For many social impact professionals, mentorship is how they got to where they are today.
“We believe mentorship is something everyone should indulge in,” said Kahiga Tiagha, founder and lead partner of The ITEM (The Inclusive Technology & Entrepreneurship Movement). “Having a mentor allows you to look around the corner without necessarily having to actually look around the corner — you’re learning from other people’s experience, and you’re learning from other people’s failure. It shortens the time between you and your goal.”
The ITEM was created last February to ensure that as Philly’s tech scene grows, “it’s as inclusive as possible,” said Tiagha, an attorney. Its goal is to encourage upward mobility of low-income Philadelphians with tech training and by fostering relationships with tech employers. Over 850 people are currently signed up with the group on Meetup.

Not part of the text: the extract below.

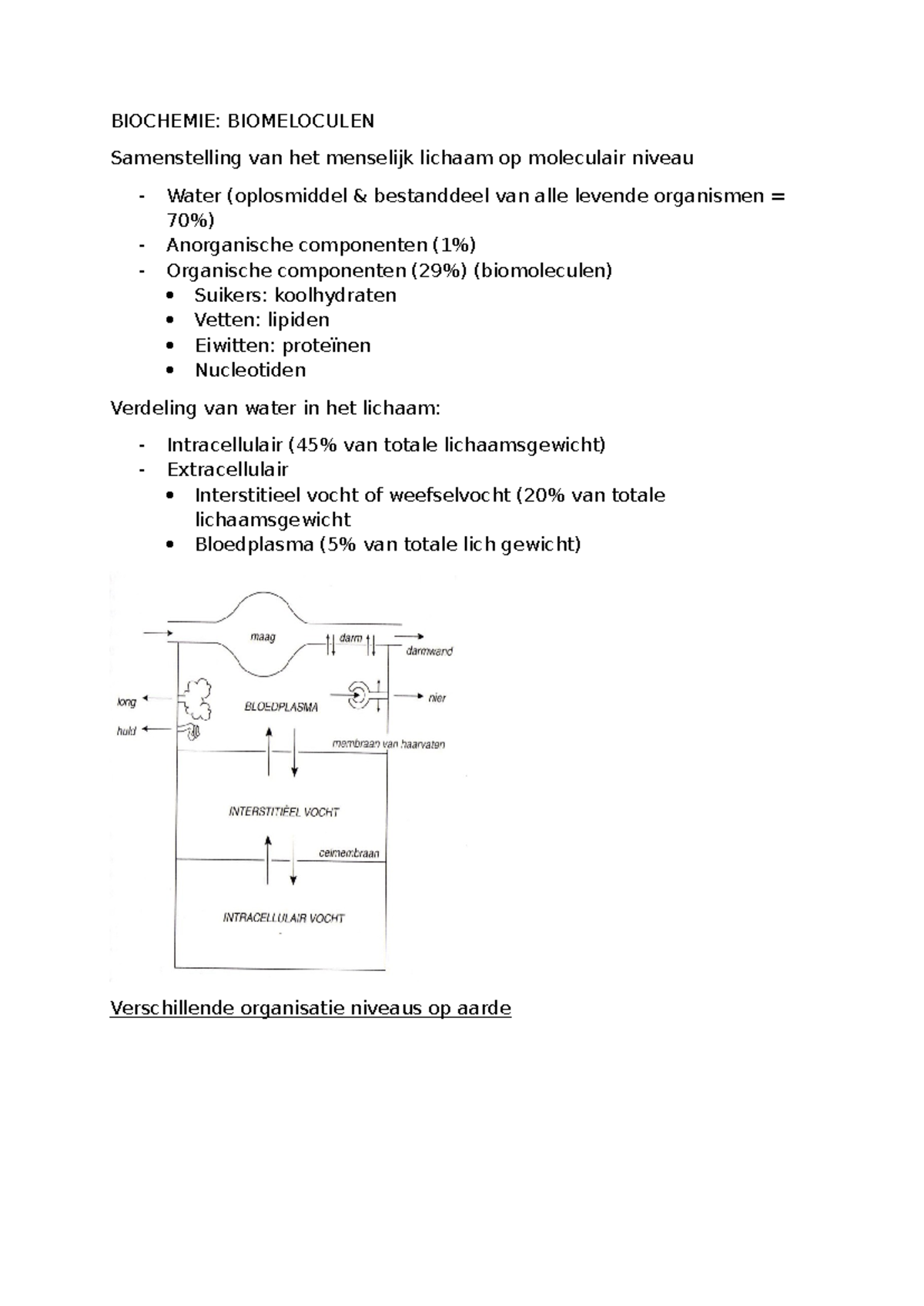 Biochemie: Samenstelling van het Menselijk Lichaam op Moleculair Niveau ...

Not every mentorship is equal, Tiagha emphasized. People tend to reach out to potential mentors “almost reflexively” based on the professional’s reputation or resume, but that particular professional may not have the exact expertise they’re looking for. It’s not a one-size-fits-all experience.
That’s where Askmentor comes in. Tiagha is bringing the Hyderabad, India-based online platform, which connects budding entrepreneurs with seasoned professionals, to Philadelphia.

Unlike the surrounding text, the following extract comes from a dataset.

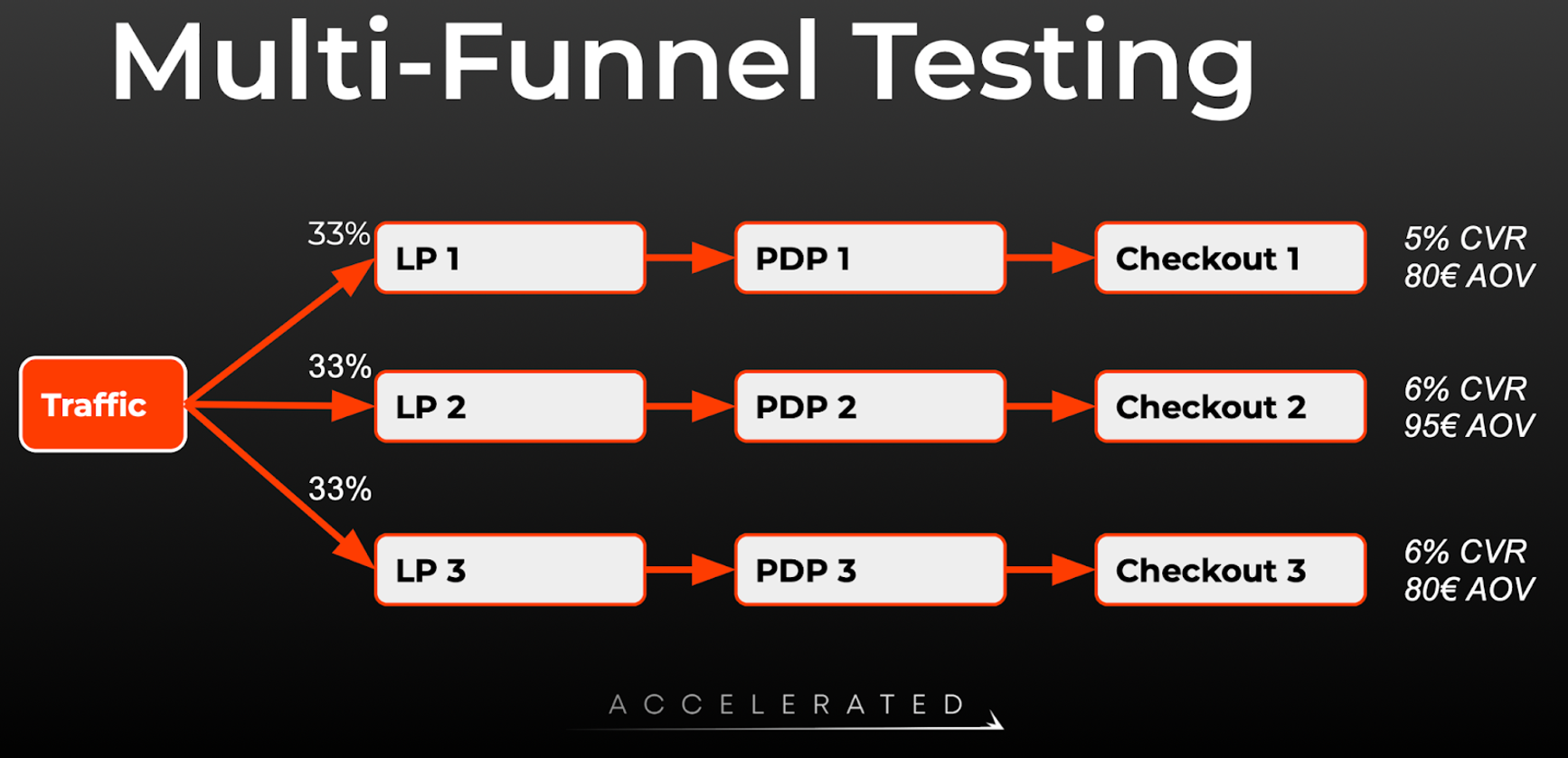 Multi Funnel Testing Content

"Having a mentor ... shortens the time between you and your goal."
The platform is the difference between “wantrepreneurs” and people who are deliberately looking for mentors and have something specific they want to learn from a mentor, Tiagha said. Potential mentors and mentees will be verified for participation after they register on the website and must indicate that they have a specific reason for participating.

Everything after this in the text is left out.